__What is needed__
Start with the line that holds "1.5&quot; Natural Labradorite". Please copy it and each remaining line below exactly, leaving pictures out.

__Collected data__
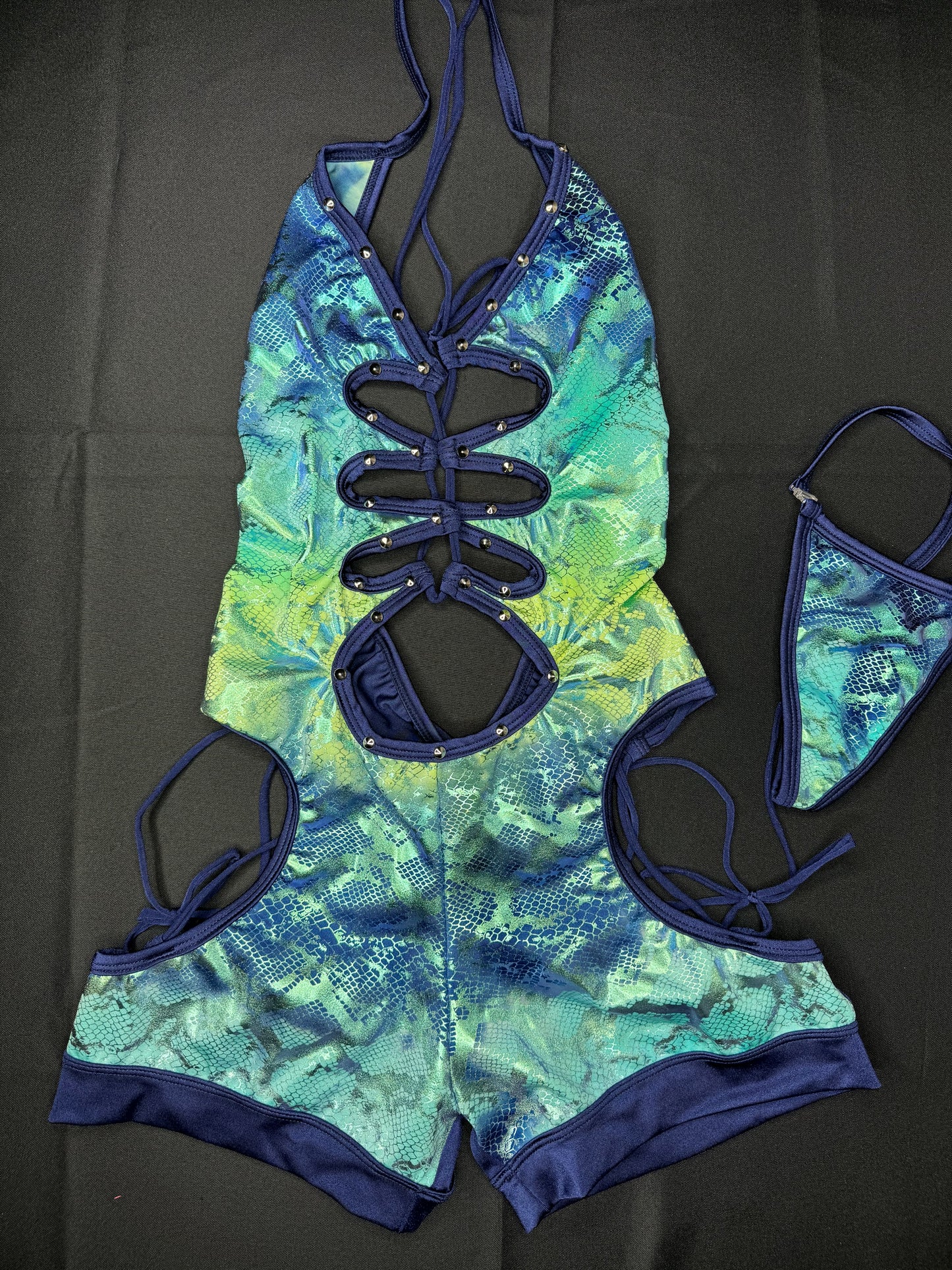 Navy One-Piece Animal Print Exotic Dancer Outfit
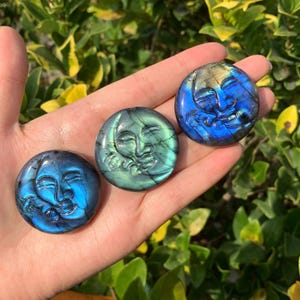 1.5&quot; Natural Labradorite Sun Moon,Quartz Crystal Sun moon,Quartz Crystal Sculpture,Home Decor,Crystal Collection,Reiki Heal,Crystal Gift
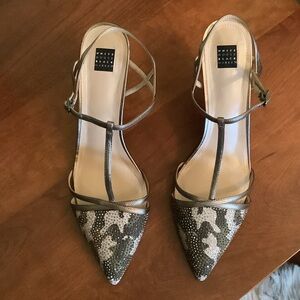 White House Black Market Silver Sequin Heels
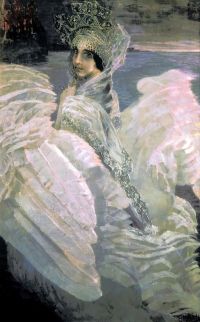 Vrubel Mikhail Nadezhda Zabela Vrubel As Tsarevna Swan Bird 1900 canvas print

__Written solution__
 1.5&quot; Natural Labradorite Sun Moon,Quartz Crystal Sun moon,Quartz Crystal Sculpture,Home Decor,Crystal Collection,Reiki Heal,Crystal Gift
 White House Black Market Silver Sequin Heels
 Vrubel Mikhail Nadezhda Zabela Vrubel As Tsarevna Swan Bird 1900 canvas print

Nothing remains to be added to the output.